WHAT IS REQUIRED
Repeat the material exactly from its first line to the line that includes "Hi, I'm Derek". Skip pictures.

SUPPLIED MATERIAL

★ ★ ★ ★

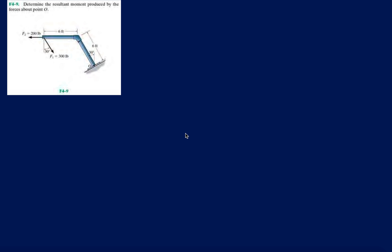I guess we're on problem 9 from the fundamental problems in chapter 4, the Hibbeler statics book. And again, pretty much the first nine problems we've been determining the moment about a certain point that's been O the whole time, the origin. Before you start breaking stuff down in this problem, let's analyze it a little further.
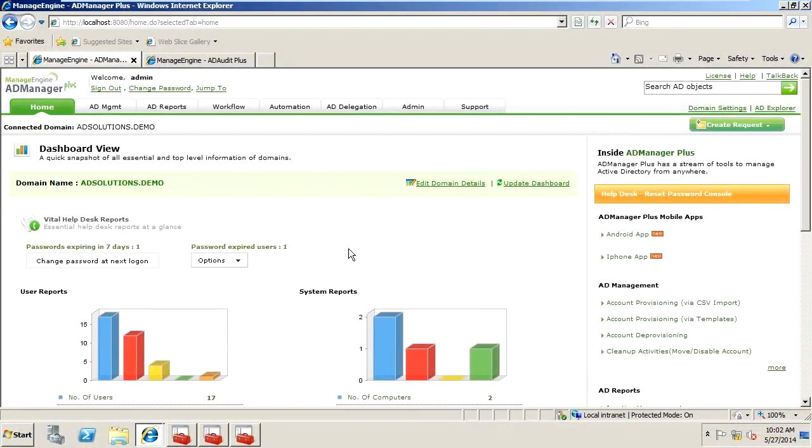Hi, I'm Derek Melber, Technical Evangelist for the AD Solutions team here at ManageEngine. In this video, I want to give you a little bit of insight into the granularity that AD Manager Plus has into Active Directory that can make what used to be very difficult tasks very easy with just a couple of clicks.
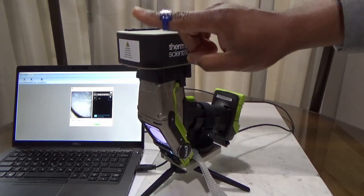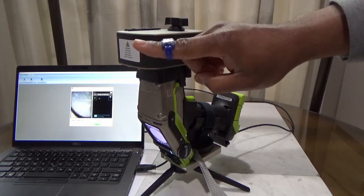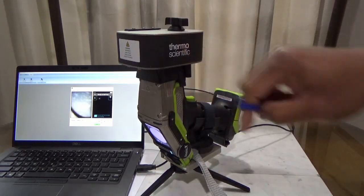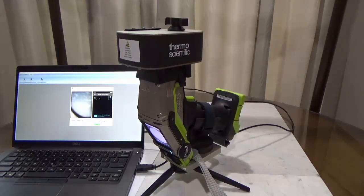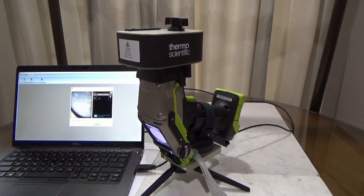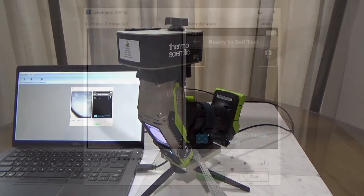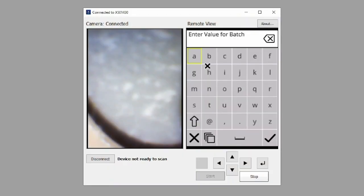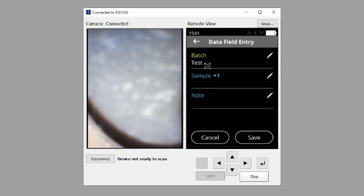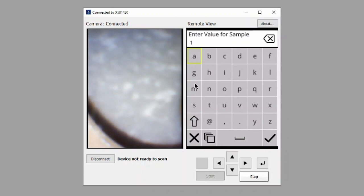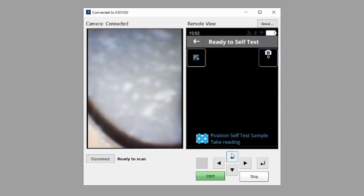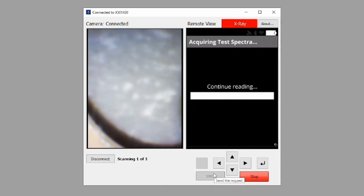Note that I am also wearing a suitable radiation monitoring accessory. Be sure to comply with your site requirements when using instrumentation with X-ray emissions. Click the icon in the top left of the screen to enter in batch and sample information. For this demonstration, I am using a physical keyboard to type my batch information. Select Save. Click the green Start button to begin the analysis.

★ ★ ★ ★

TASK SOLUTION
I guess we're on problem 9 from the fundamental problems in chapter 4, the Hibbeler statics book. And again, pretty much the first nine problems we've been determining the moment about a certain point that's been O the whole time, the origin. Before you start breaking stuff down in this problem, let's analyze it a little further.
Hi, I'm Derek Melber, Technical Evangelist for the AD Solutions team here at ManageEngine. In this video, I want to give you a little bit of insight into the granularity that AD Manager Plus has into Active Directory that can make what used to be very difficult tasks very easy with just a couple of clicks.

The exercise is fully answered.